Posada, who had been active in anti-communist operations across Latin America for decades, is described as a “terrorist” by Cuba’s communist leadership.
In Havana, the government website Cubadebate scathingly reported the acquittal, calling it “Justice made in USA.”
Cuba has accused U.S. authorities of being hypocritical by calling for international cooperation against terrorism while showing leniency toward Posada.
Posada, who lives in Miami, is wanted in both Cuba and Venezuela, where he is accused of masterminding the 1976 suitcase bombing of a Cubana Airlines jet that killed 73 people.

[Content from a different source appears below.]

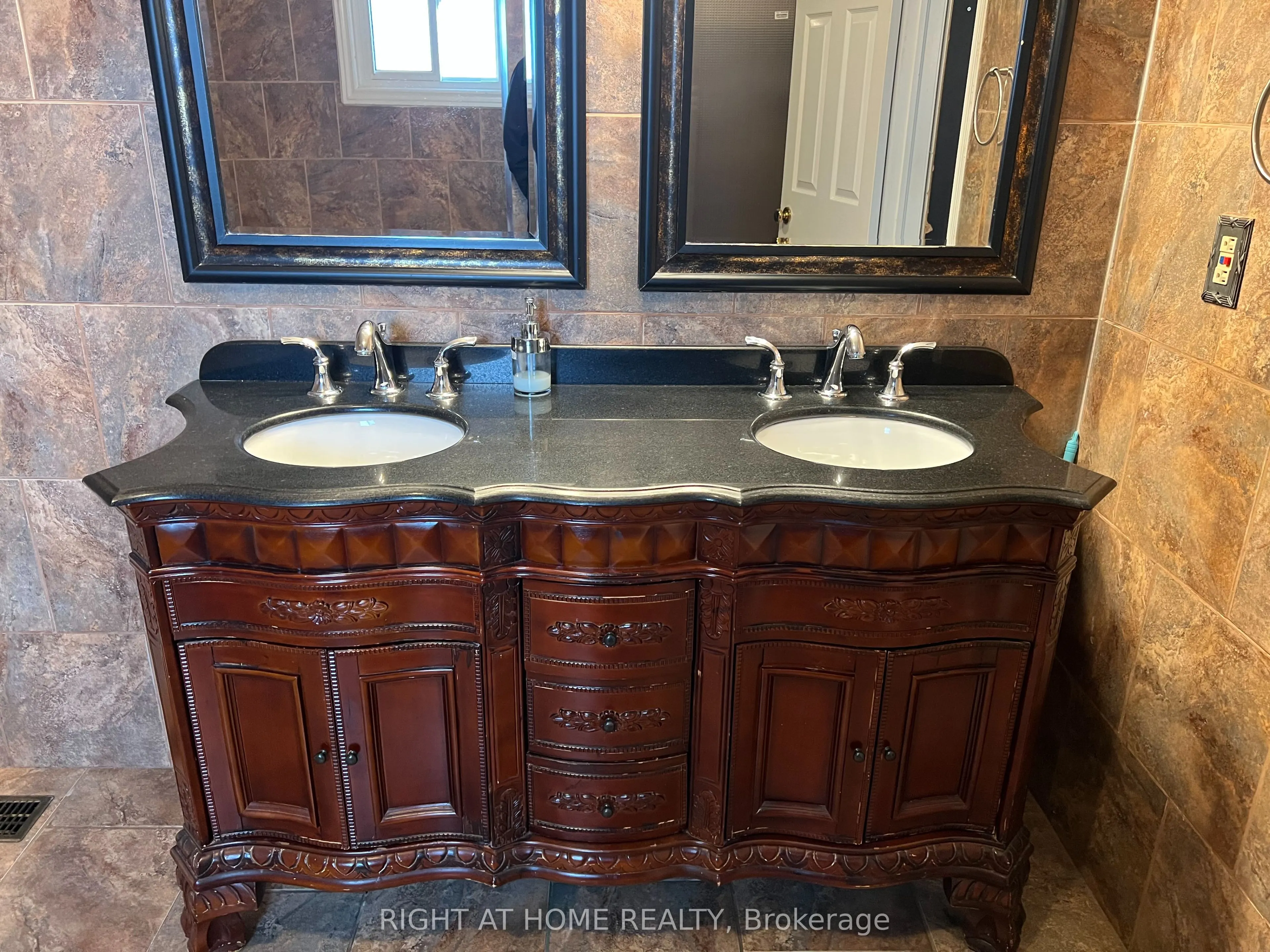 5191 Guildwood Way, #Upper portion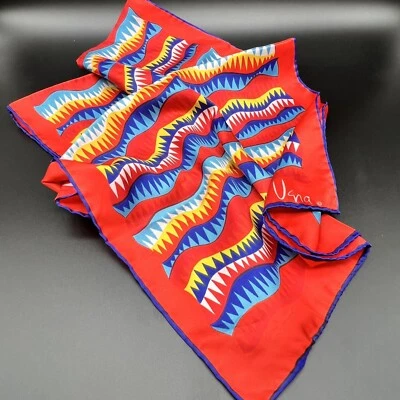 Cachecol Vera Neumann vintage década de 1970 vermelho, branco, azul, amarelo design dente de serra retângulo - Imagem 1 de 4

“We’re obviously disappointed by the decision,” U.S. Department of Justice spokesman Dean Boyd said. “We appreciate the jury’s service during this lengthy and hard-fought trial.”
Felipe Milan, one of Posada’s attorneys, said the defense “has always had the ultimate trust and faith in the U.S. judiciary,” and noted that a federal judge in 2007 threw out immigration fraud charges against Posada.
The case in Texas centered on allegations that Posada lied to U.S. immigration officials about how he entered the United States and about his role in bomb attacks against hotels and restaurants in Havana in 1997. An Italian tourist died in the attacks.
Salvadoran and Guatemalan nationals convicted and imprisoned in Cuba for the 1997 attacks testified in their trials there that they were hired and instructed by Posada.
The Texas indictment did not charge Posada with planting the Cuba bombs.
He was originally convicted in Venezuela of the airliner bombing, but escaped from prison in 1985. Cuba and Venezuela have demanded his extradition from the United States without success.
In comments quoted by Cubadebate, Jose Pertierra, a lawyer representing the Venezuelan government at the Texas trial, said the verdict “shows that in U.S. courts theater is worth more than evidence.”
Posada was arrested on immigration charges when he came to the United States in 2005, but a judge tossed out that case in 2007.